Gosto muito de “In My Head”, que é uma paulada na cabeça de Gene, com uns andamentos quebrados e levadas cortantes de Eric Singer. Os vocais são muito bons. Bela música de heavy metal.
Há melodias em “Seduction of the Innocent” e em “I Confess”, que não são músicas tão pesadas. Assim, percebe-se que das faixas de Gene, apenas duas são bem pesadas – as demais têm tom grave, mas as melodias prevalecem.
“Rain”, de Paul, é basicamente sobre um andamento 7/8 com efeito cortante no final do compasso. “Master & Slave” conta com o melhor riff do disco, muito bem construído sobretudo na virada final antes da repetição.
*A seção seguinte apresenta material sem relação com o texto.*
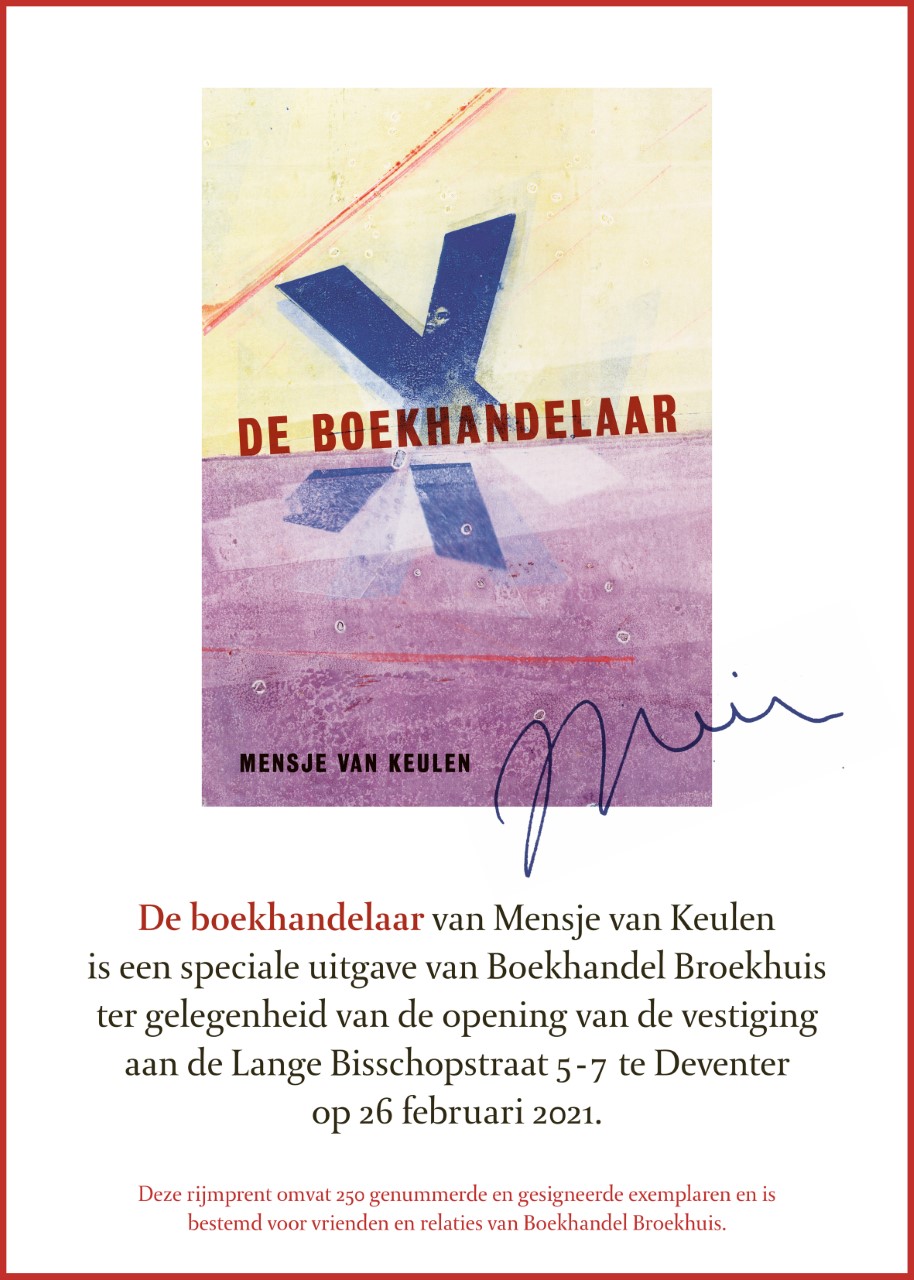 RIJMPRENT MENSJE VAN KEULEN t.g.v opening Broekhuis Deventer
Essas duas músicas são cantadas por Paul de um jeito bem diferente do qual estamos acostumados, com vocal mais baixo. “Jungle” também tem um belo riff e “I Will Be There” é a única balada do álbum, executada em violões afinados bem grave e um baixo fretless. Nesta os vocais são graves no início, e depois Paul solta a voz. O solo de violão de Kulick é preciso como de costume – o cara estava em excelente fase. “It Never Goes Away” e “In the Mirror” (ambas compostas por Stanley, Kulick e Curtis Cuomo, assim como o fora com “Jungle”, “Rain”, “Master & Slave”, “I Will Be There”) são menos marcantes.
Quanto nem esperava o lançamento em mercado nacional, encontrei o disco nas Americanas do Centro por um preço bem tranquilo em meados de 1997 (essa cadeia de lojas é cíclica em termos de disponibilizar CDs bons por preços baixos – nos últimos tempos está ruim de negócio, mas acredito que daqui a alguns meses voltará a valer a pena a visita).